- [DIRECTIONS]: With the images removed, write out every line below exactly.

- [THE DATA]:
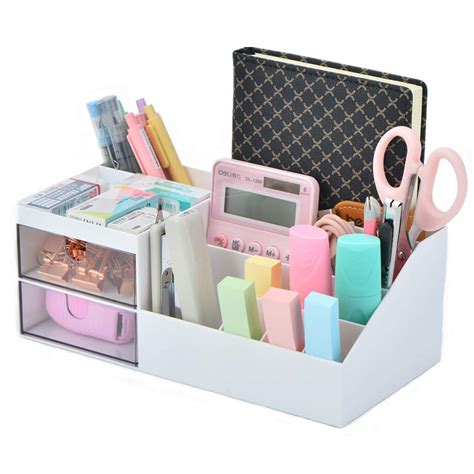 Buy Citmage Desk Organizer Caddy with 12 Compartments Office Workspace ...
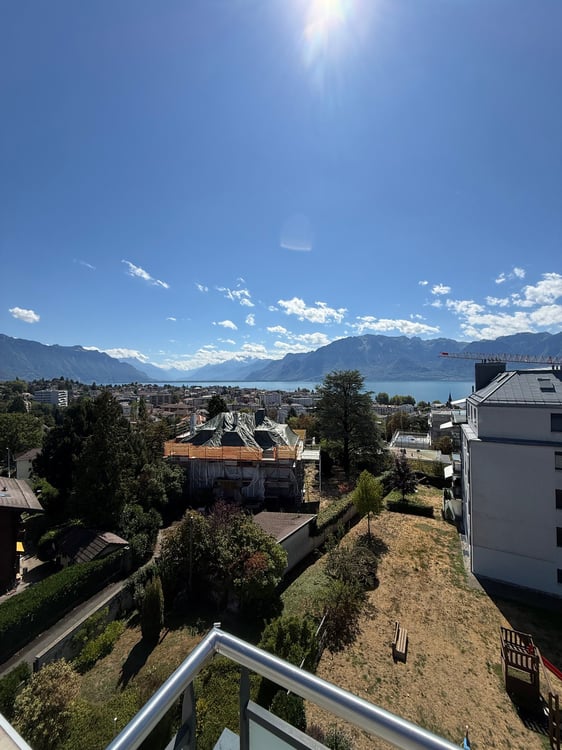Magnifique duplex de 6 pièces avec vue panoramique à Vevey 1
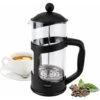 2 Cup French Press, French Press, Perfect For Coffee Lovers, Morning Coffee, Maximum Flavor Coffee Maker With Stainless Steel Filter, 12oz/350ML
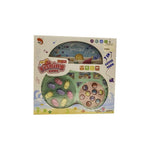 Rosy Brown Cast and Catch with the Fishing Game With Squid Toyzoona fishing-game-with-squid-toyzoona-3.jpg Pretend Play and Play Sets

- [ANSWER AREA]:
 Buy Citmage Desk Organizer Caddy with 12 Compartments Office Workspace ...
Magnifique duplex de 6 pièces avec vue panoramique à Vevey 1
 2 Cup French Press, French Press, Perfect For Coffee Lovers, Morning Coffee, Maximum Flavor Coffee Maker With Stainless Steel Filter, 12oz/350ML
 Rosy Brown Cast and Catch with the Fishing Game With Squid Toyzoona fishing-game-with-squid-toyzoona-3.jpg Pretend Play and Play Sets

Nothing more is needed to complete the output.